- [EXERCISE]
Exclude the pictures and set down, unaltered, the lines from the one that holds "Fiat Punto Grande" through the end of the data.

- [DATASET CONTENT]
▼▼▼
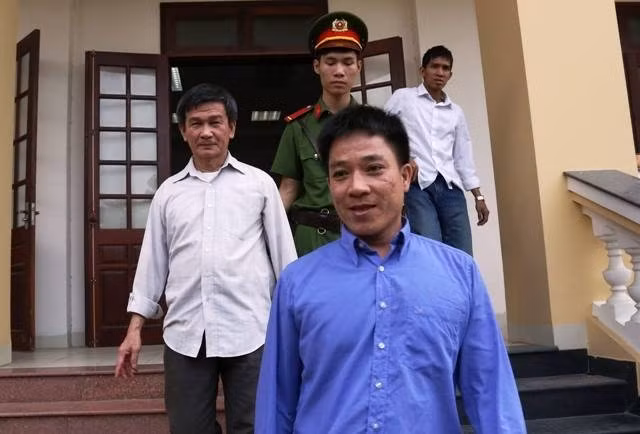 Hai bị cáo Phan Thế Thượng (trái) và Trần Văn Giang (phải) được Hội đồng xét xử cho tại ngoại.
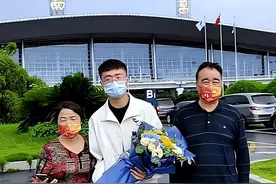 2岁男孩被拐卖，养父资产过亿，25年后认亲，“钱买不到快乐！”图片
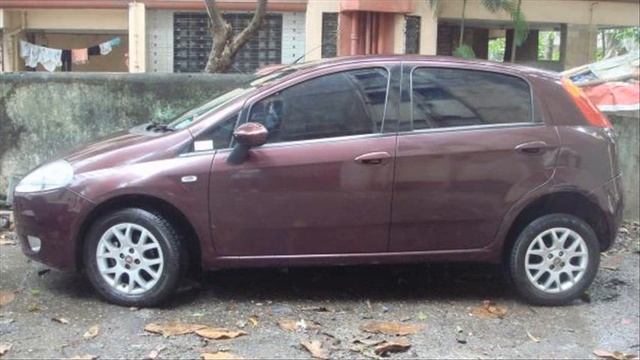 Fiat Punto Grande 1.3 M.jet Emotion смотреть онлайн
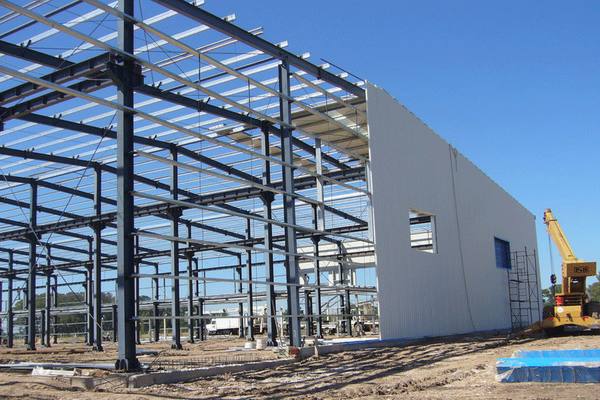 Строительство современного складского комплекса из металлоконструкций в Центральной России, III квартал 2025 года. Этап монтажа стеновых панелей.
▲▲▲
- [SOLUTION FOR THIS EXERCISE]
 Fiat Punto Grande 1.3 M.jet Emotion смотреть онлайн
 Строительство современного складского комплекса из металлоконструкций в Центральной России, III квартал 2025 года. Этап монтажа стеновых панелей.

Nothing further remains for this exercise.